Sin embargo, en nuestro Puerto Rico pese a una crisis económica similar a la norteamericana, la nueva administración prefiere abandonar la máxima de que el gobierno como institución se constituye para servirle al pueblo y ser la solución a sus problema y su dogma es que el gobierno es el problema y debemos deshacernos de el. Atrás quedó la promesa de ?preservar, proteger y defender? el gobierno y lo único que escuchamos es el llamado a la privatización, el despido y la venta de las corporaciones como la ACAA, el Fondo del Seguro del Estado y la Autoridad de Energía Eléctrica. En el umbral de esta administración ya se respiran enfrentamientos entre los movimientos sindicales y el gobierno, la negación de nuestra nacionalidad e identidad al poner en riesgo la celebración de los juegos centroamericanos de Mayagüez en el 2010, la falta de un norte en el camino económico al andar y la falta de una política pública en educación, salud y seguridad.

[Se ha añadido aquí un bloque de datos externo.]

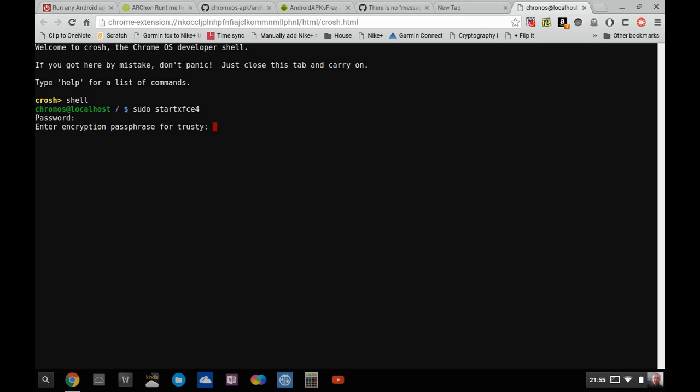So I'll type in this password here and let it start up.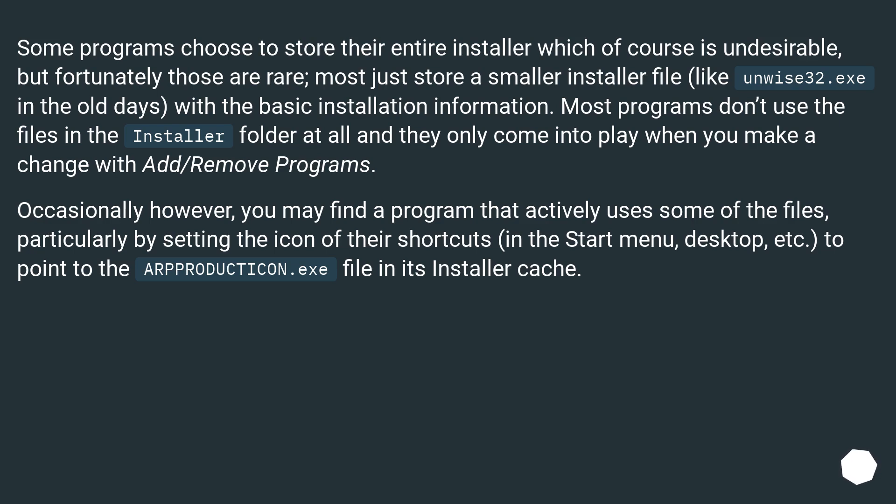Occasionally however, you may find a program that actively uses some of the files, particularly by setting the icon of their shortcuts in the Start menu, desktop, etc. to point to the APPPRODUCTICON.exe file in its installer cache.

Para poder gobernar hay que creer en el gobierno. Que el sistema aunque imperfecto se estableció con el propósito único de preservar, proteger y defender a los ciudadnos, y que estos a su vez buscan en el gobierno una respuesta a sus problemas. Es menester para beneficio de todos el aprender de las palabras de Lincoln del 19 de noviembre de 1863 en su famoso discurso ante su llegada al campo de batalla en Gettysburg, Pennsylvania. Exclamó en aquella tierra ensangrentada que ?el gobierno de la gente, por la gente y para la gente, no debe desaparecer de la tierra.?

En Puerto Rico estamos a la espera de un plan de gobierno. El pueblo demanda dirección y liderazgo, que sus líderes respeten su juramento sagrado de servir y no de destruir. A mantener nuestros compromisos para con el pueblo y no convertirnos en cometas que vuelan según sopla el viento.

No claudiquemos a nuestro deber supremo al servicio, que exige el más alto grado de disciplina, trabajo duro y tesón para con el país. Donde el gobierno de la gente defienda y garantice un mínimo de oportunidad de progreso a quien precisamente la necesita. Un gobierno para la gente que logre un desarrollo económico saludable para todos y que no caiga en la tentación de la visión amañada de la protección y expansionismo de unos pocos, a costa del sacrificio de muchos.

El pueblo puertorriqueño se sienta todos los días, como ésta la imponente figura de mármol del presidente Lincoln en la capital federal recordándole a su país que esta ahí vigilante ante las actuaciones del gobierno hacía ellos, en espera que este gobierno por la gente el cual esta obligado ha delinear un norte distinguible, de establecer una visión de país, una misión a realizar y el compromiso principal de forjar el futuro de la patria.